Exercise aim: In the material below, find the line with "कैनोला तेल (Canola oil)" and the line with "Wohnung zur Miete", then output those two lines and every line between them, exactly.

Source data:
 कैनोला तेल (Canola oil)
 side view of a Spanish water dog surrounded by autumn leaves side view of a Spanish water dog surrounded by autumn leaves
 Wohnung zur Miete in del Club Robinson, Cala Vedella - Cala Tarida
...
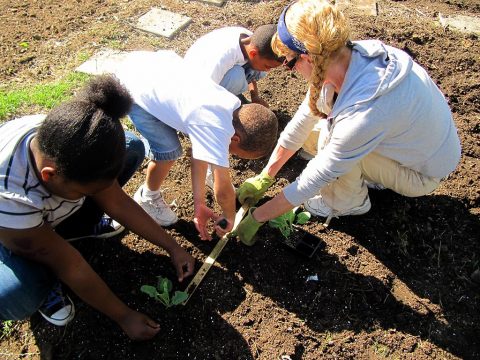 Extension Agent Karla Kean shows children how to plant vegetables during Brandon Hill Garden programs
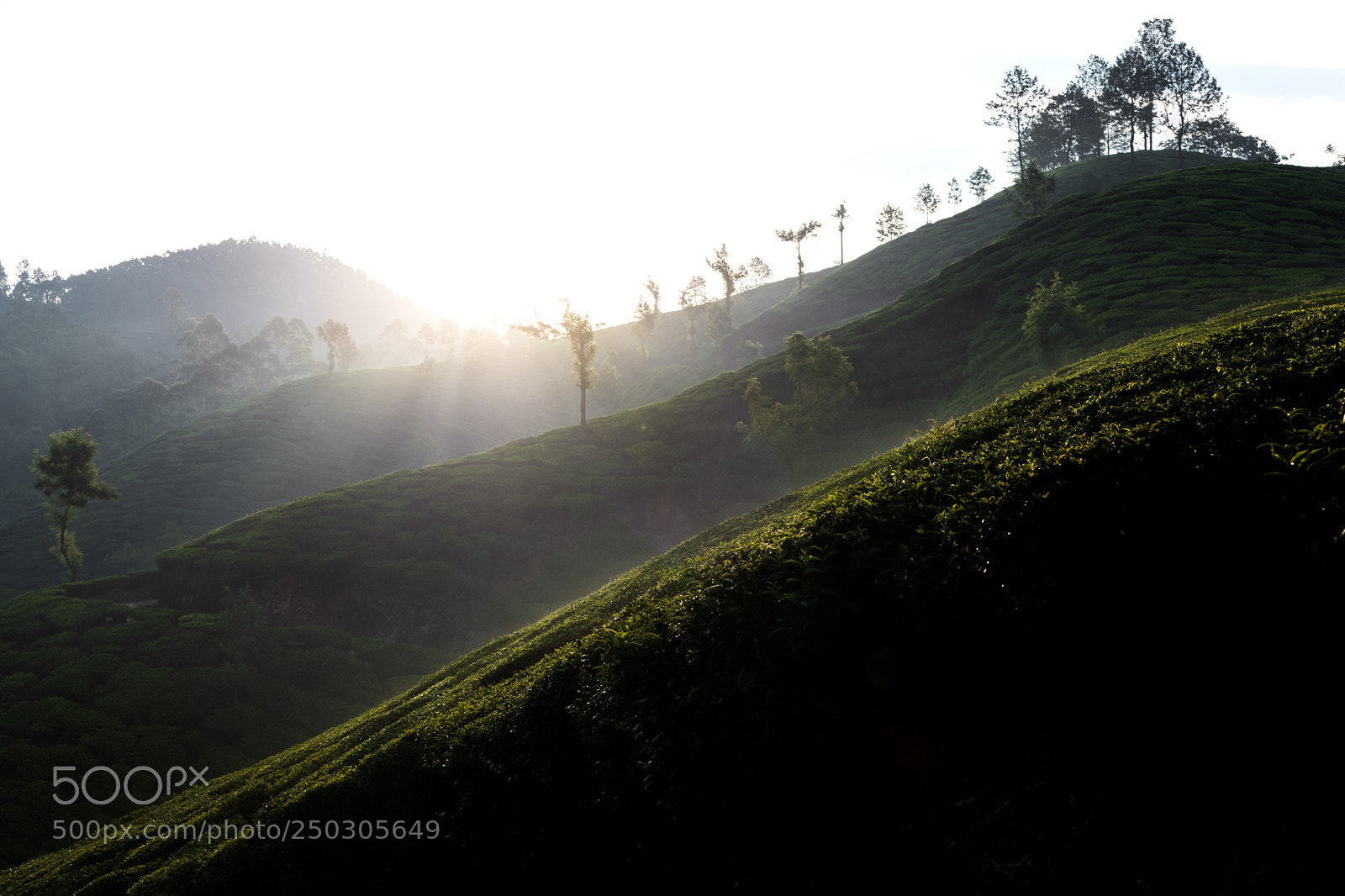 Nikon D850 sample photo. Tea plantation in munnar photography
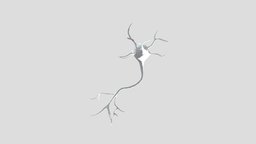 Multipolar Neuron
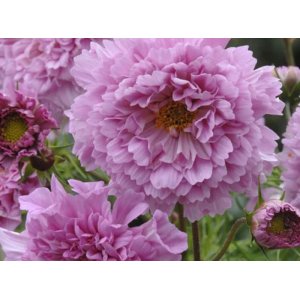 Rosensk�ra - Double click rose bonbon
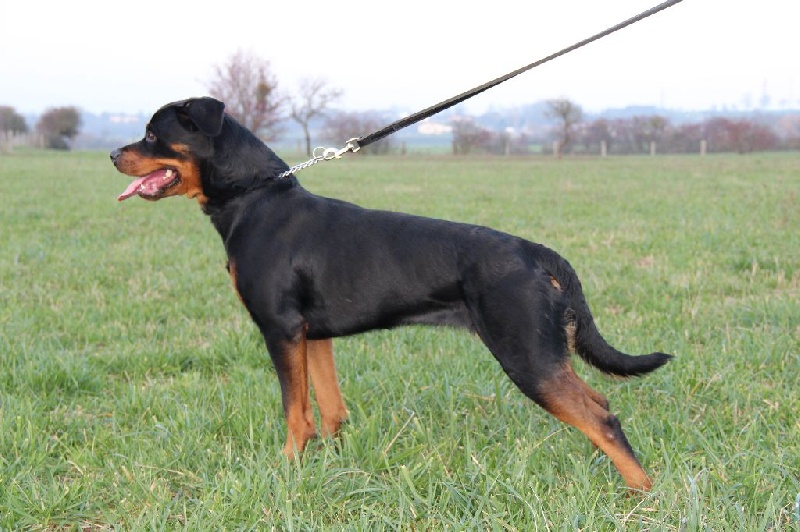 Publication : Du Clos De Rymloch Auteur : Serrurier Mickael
---
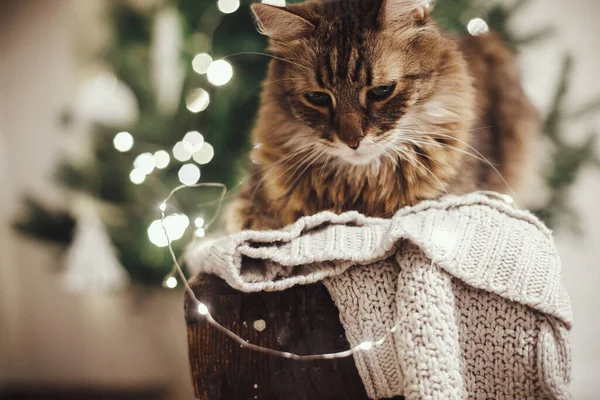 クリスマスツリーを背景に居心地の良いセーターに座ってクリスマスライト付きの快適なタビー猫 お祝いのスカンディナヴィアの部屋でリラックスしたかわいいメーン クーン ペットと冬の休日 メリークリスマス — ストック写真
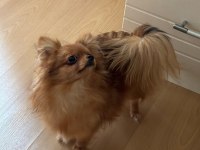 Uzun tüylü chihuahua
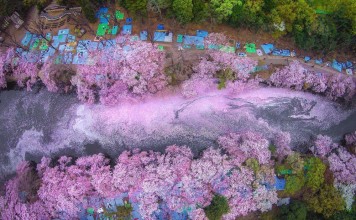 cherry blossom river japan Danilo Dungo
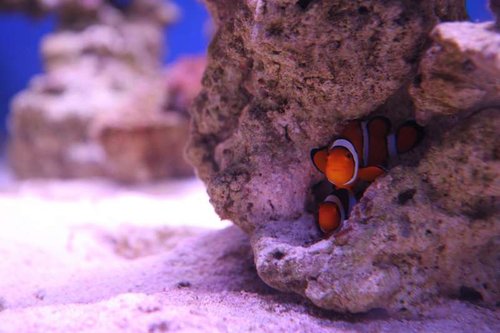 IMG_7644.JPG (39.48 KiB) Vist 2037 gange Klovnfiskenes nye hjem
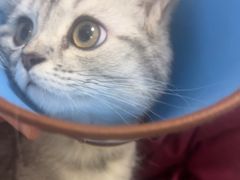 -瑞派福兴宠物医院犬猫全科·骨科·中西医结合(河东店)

Response to this exercise:
 कैनोला तेल (Canola oil)
 side view of a Spanish water dog surrounded by autumn leaves side view of a Spanish water dog surrounded by autumn leaves
 Wohnung zur Miete in del Club Robinson, Cala Vedella - Cala Tarida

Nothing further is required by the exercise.